The objective of this study was to compare the effects of varied alloy composition and microstructure on environment-assisted cracking of several powder metal and cast and wrought superalloys using uniform gage specimens with simple loading cycles. Slow strain rate tensile tests were used to screen the various alloys and microstructures for tendencies to exhibit environmental degradation through intergranular crack initiation and crack growth, and reduction in tensile ductility. Companion tensile tests were performed at a very fast strain rate for which no environmental degradation is expected to occur. The effects of microstructure and composition on tensile elongation and associated failure modes were then compared.

Materials and Procedures

The compositions in weight percent of the tested materials are listed in Table I. Of the powder metal (PM) superalloys, the compositions of ME3 and LSHR had similar Cr, Al, and Ti levels, but bigger differences in Mo, Nb, Ta, and W contents. Udimet 720 had significantly higher Cr and Ti, and lower Co and Al contents. These alloys were consolidated from powder atomized in argon, then extruded and isothermally forged into disks. Blanks were extracted from the rim of fully heat treated ME3 disks [14] and the bore of a fully heat treated Udimet 720 disk [15], which each had been previously studied. Rectangular blanks of LSHR were extracted and separately heat treated. Published recommended heat treatments were applied for each alloy.

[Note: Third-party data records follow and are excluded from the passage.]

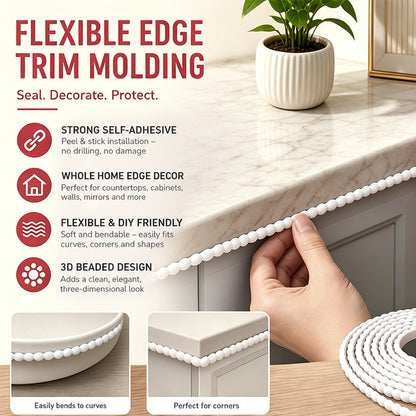 ✂️DIY Self-Adhesive Decorative Molding Trim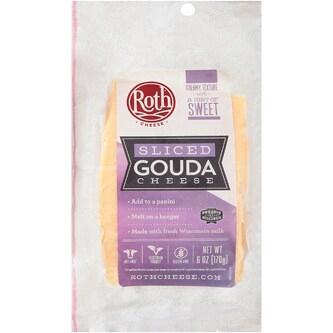 Roth Cheese Sliced Gouda Cheese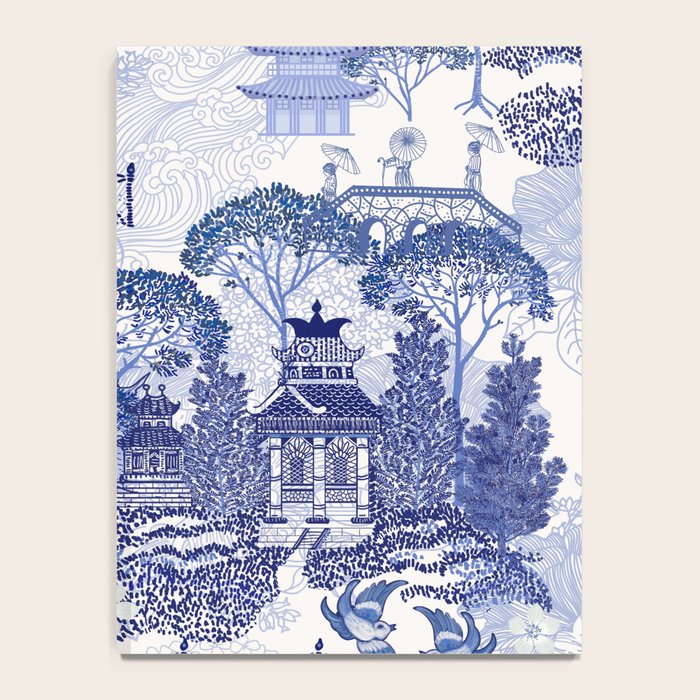 Blue Willow Godzilla Notebook Gallery Image 4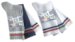 TicTacToe Seamless Toe Ribbed Crew Socks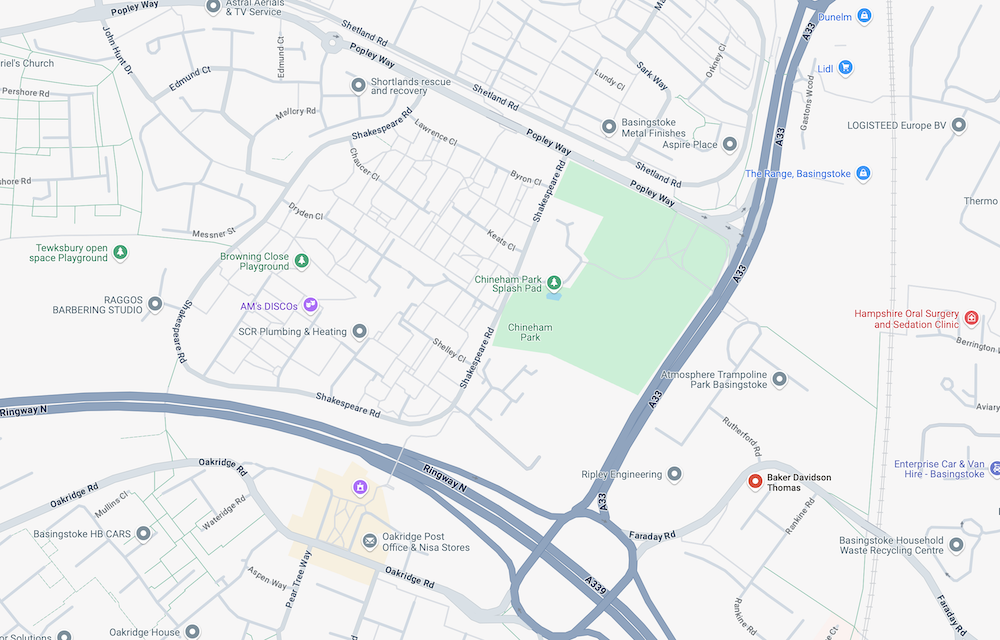 Basingstoke, Berkshire RG21 Ground Rents For Sale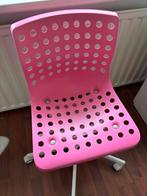 Roze Bureaustoel - Leuke Kleur!, Huis en Inrichting, Bureaustoelen, Ophalen, Gebruikt, Roze, Bureaustoel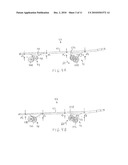 SKATEBOARD PROVIDING SUBSTANTIAL FREEDOM OF MOVEMENT OF THE FRONT TRUCK ASSEMBLY diagram and image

Additional solution heat treatments were then added for LSHR which varied grain size and cooling rate.

Of the cast and wrought (CW) superalloys examined, ATI 718Plus alloy was obtained as a hot rolled and solution annealed 40 mm thick ring, while Haynes 282 and Inconel 740 were obtained as hot rolled and solution annealed plates 13 mm and 16 mm thick, respectively. These superalloys had increased Cr contents but often lower Al and Ti levels, compared to the PM superalloys. Blanks were extracted from these solution-annealed materials, and were heat treated as listed in Table II. Solution heat treatment temperatures and times were selected to obtain a mean linear intercept grain diameter near 50 µm for each alloy, but otherwise followed manufacturer recommendations. Additional solution heat treatments were then added for ATI 718Plus alloy to vary grain size.

Table I. Compositions of alloys in weight percent.

Table II. Specimen Heat Treatments and Tensile Test Results.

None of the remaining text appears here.